Génération X
Je découvre bien tard ce roman s’adressant à tout ceux qui auraient voulu naître dans les années 60/70, mais qui conviendrait tout aussi bien à n’importe quel trentenaire désenchanté, nostalgique d’une enfance où ne fleurissait pas les questions, où il n’y avait pas à tenter de comprendre et intégrer un monde accélérant trop vite pour soi.
A travers le portrait de trois personnages (deux hommes, une femme, appartenant chacun à la classe moyenne, ce qui permet d’autant plus de s’identifier à ces profils ordinaires), Coupland dresse le portrait d’une société qui passe de l’esprit hippie au libéralisme des années 80 et au désenchantement des années 90 (si bien décrit par Bret Easton Ellis dans l’intégralité de ses romans et par Chuck Palahniuk dans son Fight Club). C’est le traumatisme du Vietnam, la découverte de la culture (l’anti-culture ?) yuppie, l’écologisme baba-cool, l’esthétique pop, l’univers des drogues plus ou moins douces…
Autant de repères qui vont façonner notre trio et qui désenchantent la vision assez idéalisée qu’on tente de nous vendre des années 70 (surtout ces derniers temps, où elles reviennent à la mode, à travers la mode, justement), qui sont pourtant la décennie où naît ce tiraillement, très moderne, entre l’envie de se réaliser et l’envie de réussir. Déchirure parfaitement incarnée par nos trois anti-héros, qui refusent de « jouer le jeu » pour tenter de s’accomplir, succombant à la sucessophobie (« peur que le succès fasse oublier ses désirs personnels et rendent incapable la réalisation des désirs de son enfance ») et à l’ironie rotulienne (« tendance réflexe à faire, dans la vie de tous les jours, des réflexions ironiques sur un ton désinvolte »).

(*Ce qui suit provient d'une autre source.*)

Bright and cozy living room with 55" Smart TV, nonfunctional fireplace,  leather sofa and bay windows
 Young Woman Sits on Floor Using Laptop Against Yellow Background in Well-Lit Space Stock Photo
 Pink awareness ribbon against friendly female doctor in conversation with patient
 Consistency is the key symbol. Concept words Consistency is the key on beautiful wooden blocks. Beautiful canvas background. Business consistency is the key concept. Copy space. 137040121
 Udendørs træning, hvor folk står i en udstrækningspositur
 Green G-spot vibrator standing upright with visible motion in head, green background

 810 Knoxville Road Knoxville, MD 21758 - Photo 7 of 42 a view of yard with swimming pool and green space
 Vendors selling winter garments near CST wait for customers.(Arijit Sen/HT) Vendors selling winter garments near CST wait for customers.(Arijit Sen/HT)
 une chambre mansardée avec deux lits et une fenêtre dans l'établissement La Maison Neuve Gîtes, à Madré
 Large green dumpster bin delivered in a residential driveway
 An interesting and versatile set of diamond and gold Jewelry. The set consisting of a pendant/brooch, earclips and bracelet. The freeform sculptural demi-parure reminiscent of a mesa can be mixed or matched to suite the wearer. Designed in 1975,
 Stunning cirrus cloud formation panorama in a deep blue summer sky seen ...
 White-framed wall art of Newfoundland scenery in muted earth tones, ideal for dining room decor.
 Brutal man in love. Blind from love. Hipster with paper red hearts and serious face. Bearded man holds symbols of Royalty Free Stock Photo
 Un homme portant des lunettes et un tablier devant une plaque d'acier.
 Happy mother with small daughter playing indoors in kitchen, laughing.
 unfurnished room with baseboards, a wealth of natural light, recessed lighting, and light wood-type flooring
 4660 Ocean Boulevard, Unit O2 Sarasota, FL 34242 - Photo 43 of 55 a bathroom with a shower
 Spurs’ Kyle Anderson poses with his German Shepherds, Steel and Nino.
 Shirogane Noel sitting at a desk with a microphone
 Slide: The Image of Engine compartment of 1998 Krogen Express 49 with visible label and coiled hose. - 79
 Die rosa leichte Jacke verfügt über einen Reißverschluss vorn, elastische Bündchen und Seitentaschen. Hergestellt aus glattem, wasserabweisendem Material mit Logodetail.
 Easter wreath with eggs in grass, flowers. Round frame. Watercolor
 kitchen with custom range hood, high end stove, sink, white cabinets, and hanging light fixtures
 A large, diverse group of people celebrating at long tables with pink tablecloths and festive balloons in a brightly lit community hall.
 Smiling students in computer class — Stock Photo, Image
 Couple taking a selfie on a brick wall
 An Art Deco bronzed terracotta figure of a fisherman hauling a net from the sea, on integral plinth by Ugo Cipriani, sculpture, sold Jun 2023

Mais, au-delà de ces repères historiques, c’est une véritable initiation au désappointement qui se dessine à travers ces trois trajectoires ayant biberonné à des slogans -qu’on dirait « soixante-huitards » si ces anti-héros étaient français – qui ornent les têtes de chapitres et les marges du récit : « acheter n’est pas créer », « les expériences achetées ne comptent pas », « la terre n’est pas un document ». Autant de phrases qui font sourire tant elles ont un goût de « c’était mieux avant »/ « nos parents s’en sortaient mieux » qui semble se transmettre de génération en génération -d’où le X du titre, sans doute, tant le passage de l’adu/o/lescence à l’âge adulte semble toujours se manifester par une longue quête de soi-même, marquée par une phrase d’impuissance face à la réalité, que nos personnages essayent de transcender à grands coups d’histoires racontées pour bannir la peur de vieillir et l’angoisse de ne pas comprendre un monde ne correspondant pas à ses slogans ou aux définitions qu’ils s’inventent pour tenter de le saisir (« catogan ramollo : membre de la génération baby-boom, d’âge mûr, fatigué par la vie et nostalgique des temps hippies d’avant la fatigue »).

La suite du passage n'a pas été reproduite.